Friday, May 15, 2009

Zenoss zencommand daemon overload

I think we have found that the zencommand daemon in Zenoss Core has some very reachable limits with regard to the number of commands it will process. We have been increasing our command monitoring lately and got to a point where zencommand, the daemon responsible for running these types of monitoring functions, had 1,200 commands in each cycle. I noticed that some of the performance templates that graphed the counters fetched by our commands had gaps--sometimes large gaps--and some had simply quit entirely. The odd thing was that we didn't really get any warnings (our VP went looking for graphed data and, ummm, didn't find it).

If I took one of the devices with templates that weren't graphing and manually ran zencommand against that device, it worked perfectly and fetched all the counters from the various commands. Stracing it didn't show any errors either. But with the amount of load we were providing, it was definitely silently dropping commands.

Zencommand seems to be a rather single-threaded beast. Its ability to get everything done is a function of the following:
  • The number of data sources it is processing
  • The number of monitored devices
  • The cycle time of the data sources it is processing
I was able to collapse some of our data sources so that instead of 1,200 commands I got down to around 560, and voila--the graphs that had not been painting suddenly began working correctly. To avoid this issue, I recommend the following:
  • The native Device template uses SNMP (and SNMP Informant on the Windows side) to read the base CPU, memory, and paging counters. To avoid deploying SNMP Informant everywhere, some time ago we had changed to using a different template that used zencommand and remote WMI calls to read these in. I am going to change this back to using Device, which will take quite a bit of load off of zencommand.
  • Watch the cycle time. Does anyone have QoS recommendations for the resolution of performance counters? 60 second cycle times are a bit aggressive, but what works well--3 minutes? 5 minutes?
  • Always validate that the graphs are painting after making changes affecting zencommand. If you roll out a new template, don't just look at that template to make sure it's working--look at other things zencommand is handling after you roll it out. As we discovered, adding too much load can silently break other things.

Monday, May 11, 2009

Windows 7 RC x64 impressions

I rebuilt my machine due to system instability and decided to go with Windows 7 x64 this time now that we have a release candidate. So far, this is running much better than Vista ever did and some of the new features are compelling. I think my favorite feature so far is how the window manager groups related windows behind the application icon only, and--wait for it--lets you CLOSE them from the window preview when you hover over the icon. You no longer need to raise the window first and use its close controls or right-click to close-the 'x' icon is right there on the preview. This seems simple, but it's a great improvement.

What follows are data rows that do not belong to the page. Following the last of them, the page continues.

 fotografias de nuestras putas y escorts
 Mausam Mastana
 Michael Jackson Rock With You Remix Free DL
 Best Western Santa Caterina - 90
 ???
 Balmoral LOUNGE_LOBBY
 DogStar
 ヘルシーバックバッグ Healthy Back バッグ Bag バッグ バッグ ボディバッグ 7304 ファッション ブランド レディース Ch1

Another nice feature is the selection of a wireless network. This works the same as Ubuntu does now and just shows you the available networks with a single click. Each has radio buttons to select it. No more wading through multiple screens just to change networks.

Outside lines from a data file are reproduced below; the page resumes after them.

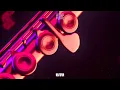 Download Lagu Monss - Flute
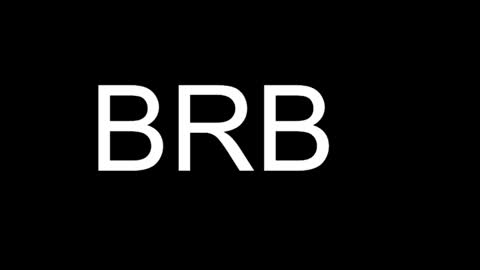 Vane online show from February 19, 1:21 pm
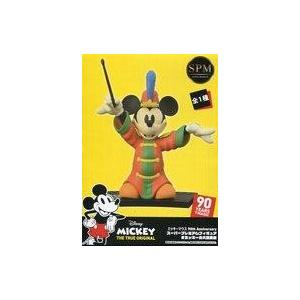 1998年製 ミッキーマウス 限定版 1998年製 ミッキーマウス 限定版 - メルカリ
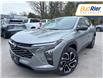 2025 Chevrolet Trax 2RS (Stk: SC240283) in Paisley - Image 1 of 18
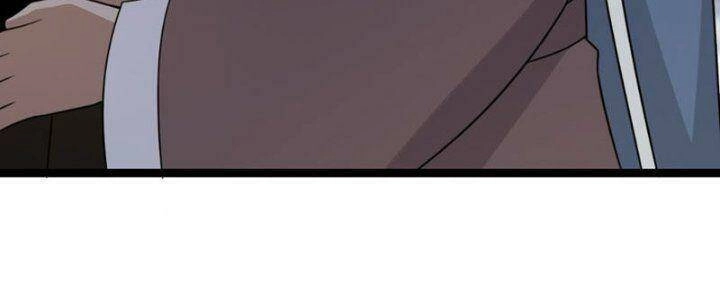 Ta Làm Kiêu Hùng Tại Dị Giới Chapter 615 - 37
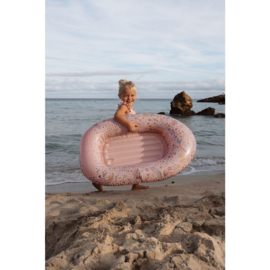 Little Dutch Dreamy mermaid boot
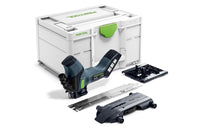 Festool Cordless insulating-material saw ISC 240 EB-Basic 577231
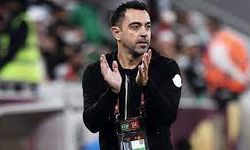 Xavi'den Arda Güler açıklaması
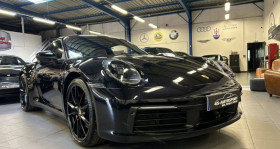 Porsche 911 , garage 45-AUTOSPORT  Jouy-le-potier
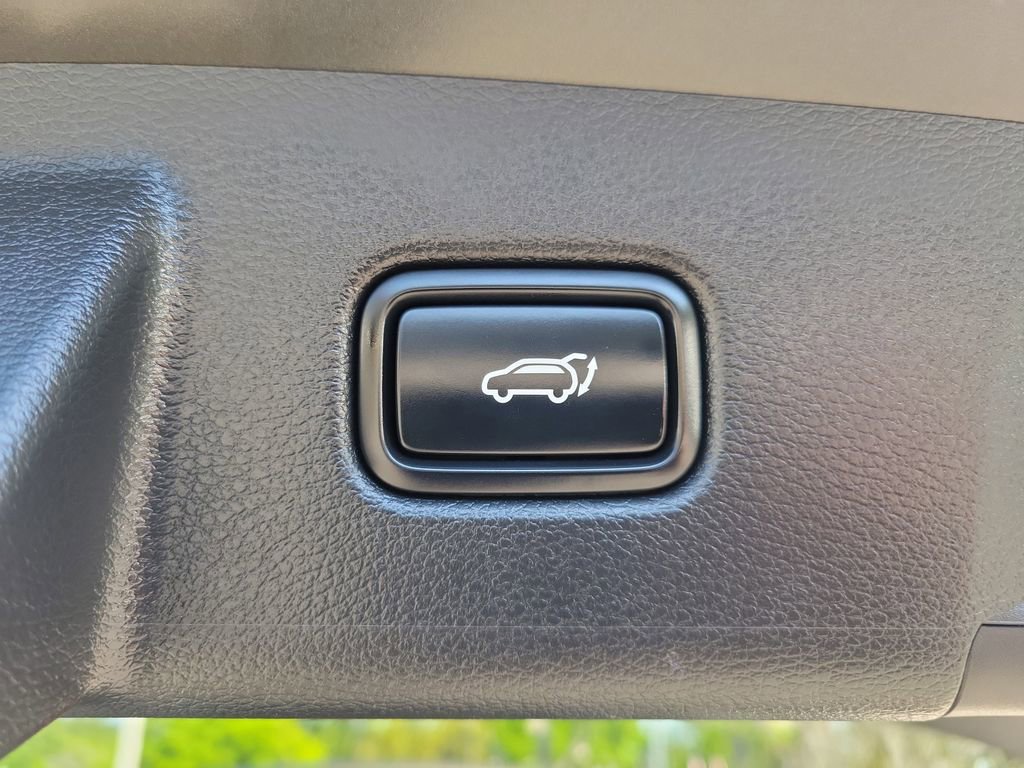 Used 2021 Kia Telluride EX w/ EX Premium Package image 10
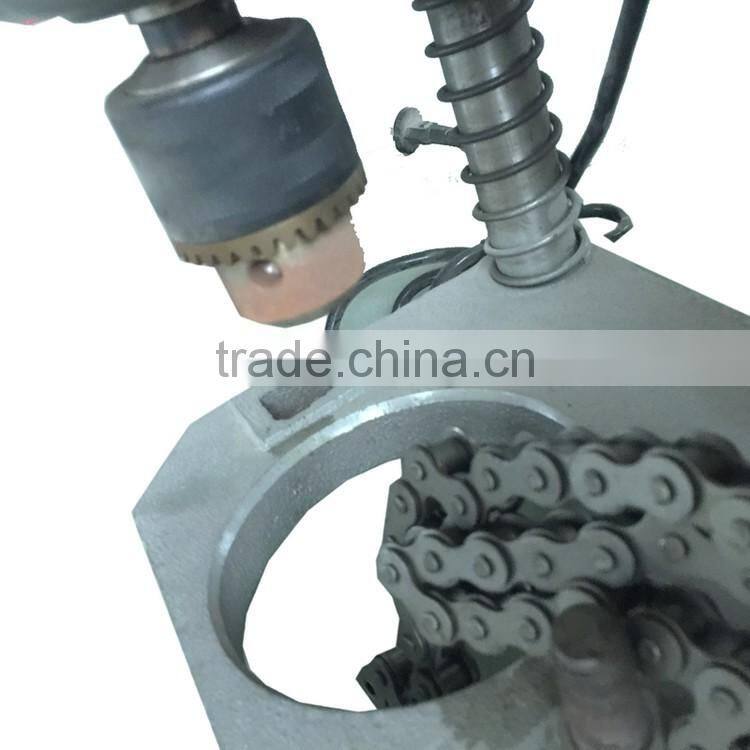 Chinese homemade small hole drilling machine best products to import to usa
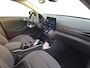 Hyundai Ioniq Comfort EV 38 kWh | Perfecte staat | Navi | Clima | Cruise |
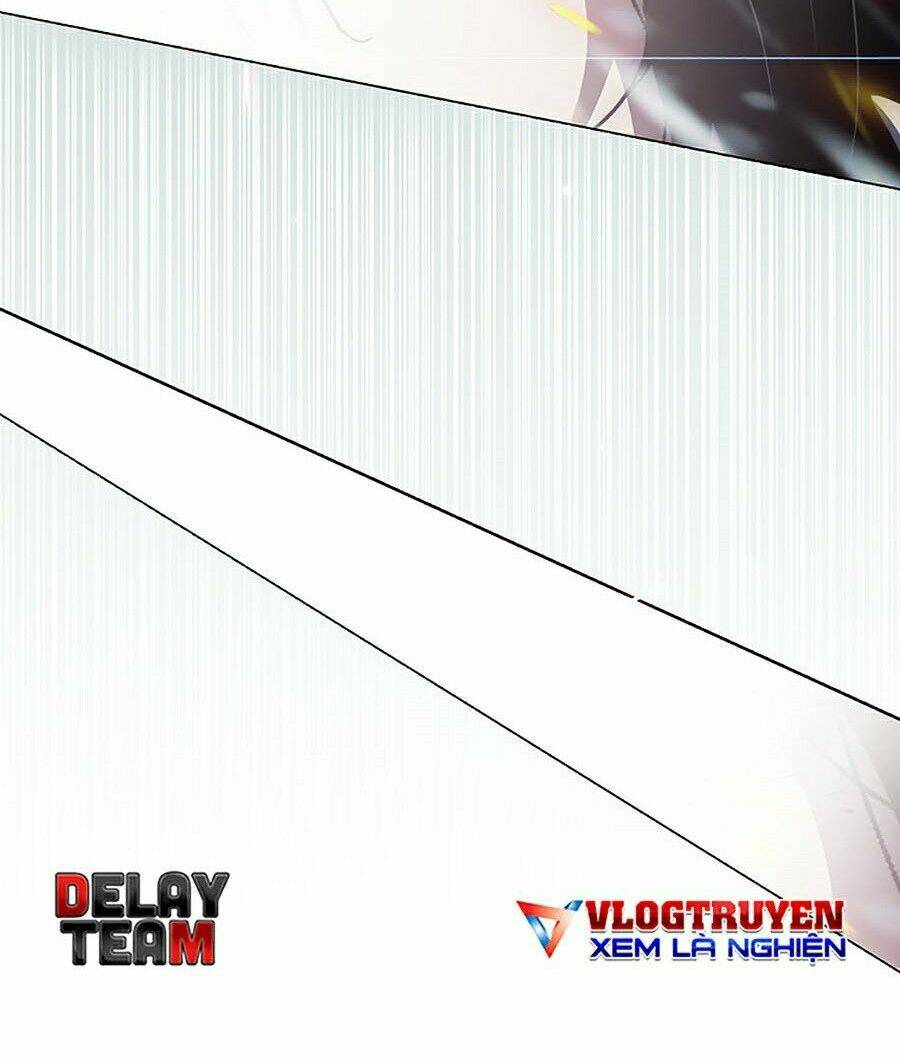 Các Chòm Sao Chỉ Chú Ý Mình Tôi: Chapter 1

I have hit one bug: I have files on my desktop (as shown in \Users\user\Desktop), but the desktop itself is completely clean. I can right-click on the desktop and create new files, but while these appear in an Explorer folder pointed to that location, they vanish from the desktop itself. Has anyone else run into this?
** Update: I'm an idiot; it's a setting to show icons on the desktop. I am not sure why this was off by default. The setting is under Control Panel\Appearance and Personalization\Personalization\Change desktop icons, and you check User's Files.

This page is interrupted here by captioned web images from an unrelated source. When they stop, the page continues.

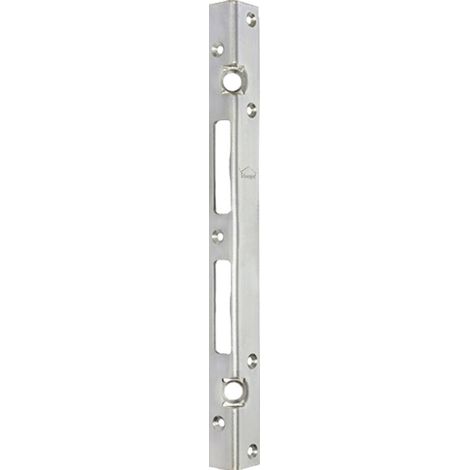Schnegel  Sicherheitswinkelschließblech  L.300mm  B.20mm  S.3mm  STA  verz.006/911/V  - 006/912 (1/3)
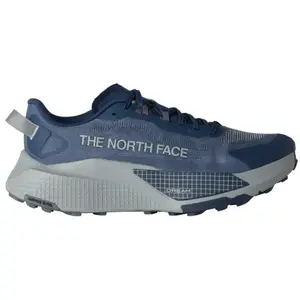 Chaussures de trail The North Face Altamesa 500 V2 Bleu 41 1/3 pas cher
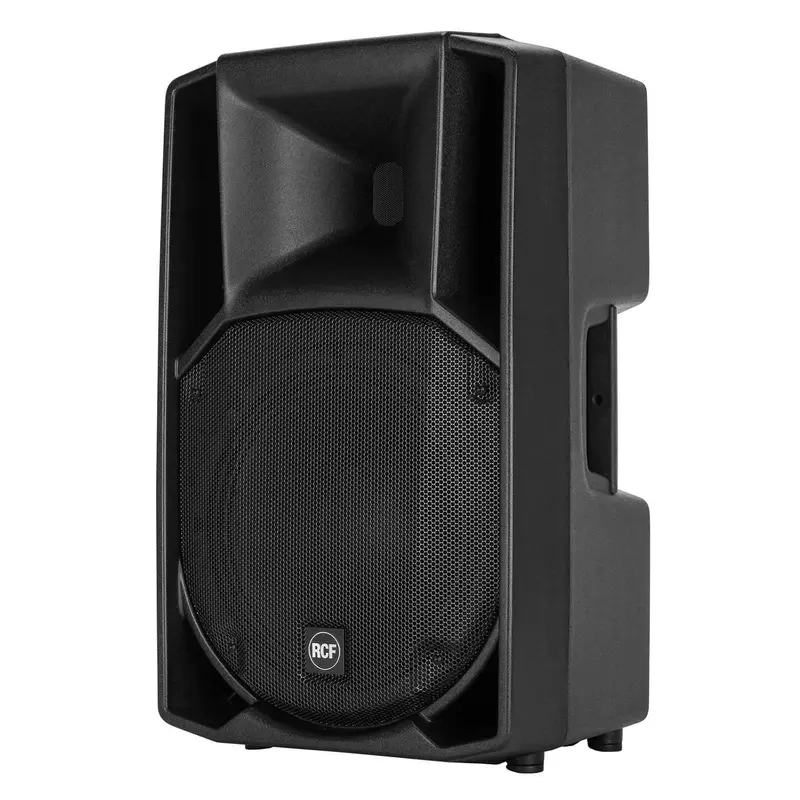 RCF ART712a-MK4 12-inch 1400W 2-Way Powered Speaker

Overall, I highly recommend giving the RC a spin.

Tuesday, May 05, 2009

Ubuntu 9.04 and .local domain access

I had to re-discover why my organization's .local internal domain wouldn't resolve on Ubuntu 9.04. I was unable to ping or RDP to any of the machines using their fully-qualified names (e.g. server.domain.local), although this DID work if I used the NetBIOS names (e.g. server). After researching for a bit, I rediscovered something someone helped me with a long time ago when I thought this issue was related to DNS resolution over a PPTP VPN connection (it is not in fact related to this).

The issue: the avahi daemon. As I understand it, it grabs the .local domain as its own and interferes with ping, RDP, and other communication when using the fully-qualified .local domain names. There are two fixes I know of:

  1. Disable avahi. I understand this can interfere with apps that use avahi, so...
  2. Edit the hosts line if /etc/nsswitch.conf to read:
hosts: files mdns4_minimal [NOTFOUND=return] dns mdns4

hosts: files dns mdns4_minimal mdns4